## Task
Copy the material below verbatim from the line with "Students at Carnegie" to the line with "Two women laughing", both lines included, omitting pictures and every line outside that range.

## Records provided
========

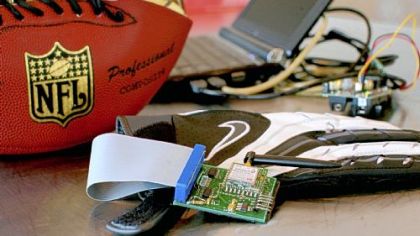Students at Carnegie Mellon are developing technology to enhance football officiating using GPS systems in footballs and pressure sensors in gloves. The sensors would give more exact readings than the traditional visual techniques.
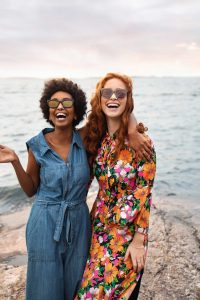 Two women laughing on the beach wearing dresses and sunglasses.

========

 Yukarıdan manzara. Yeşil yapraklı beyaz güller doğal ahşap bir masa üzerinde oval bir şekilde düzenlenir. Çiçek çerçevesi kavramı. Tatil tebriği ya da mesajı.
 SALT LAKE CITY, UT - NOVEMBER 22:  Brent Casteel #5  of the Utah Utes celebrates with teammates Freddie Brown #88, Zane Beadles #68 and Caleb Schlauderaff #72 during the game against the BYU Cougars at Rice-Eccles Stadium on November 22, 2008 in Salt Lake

========

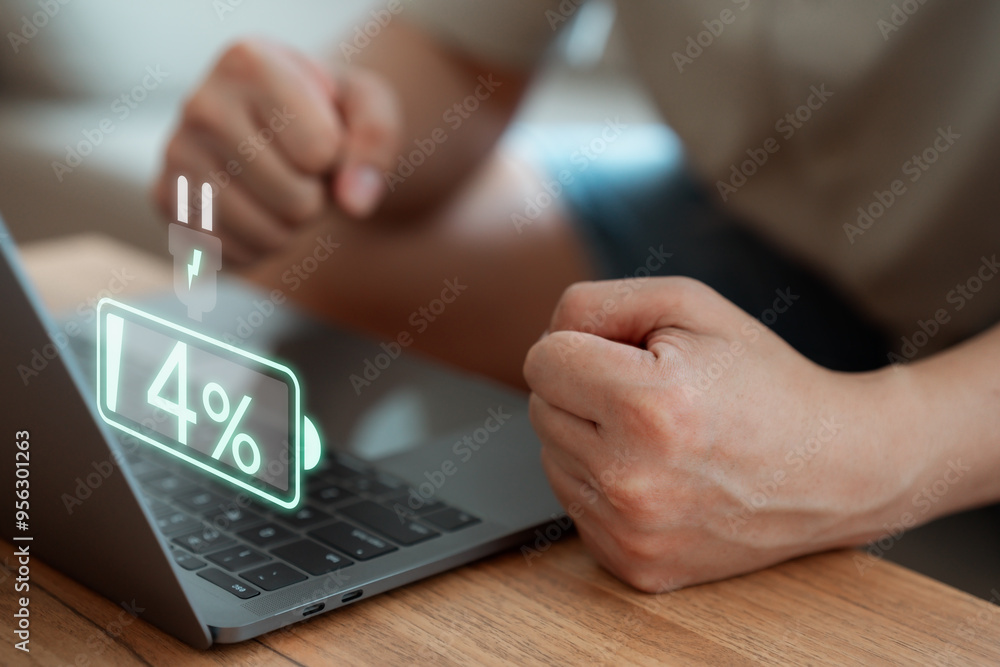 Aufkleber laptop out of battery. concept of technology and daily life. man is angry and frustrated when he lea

========

## Output of the task
Students at Carnegie Mellon are developing technology to enhance football officiating using GPS systems in footballs and pressure sensors in gloves. The sensors would give more exact readings than the traditional visual techniques.
 Two women laughing on the beach wearing dresses and sunglasses.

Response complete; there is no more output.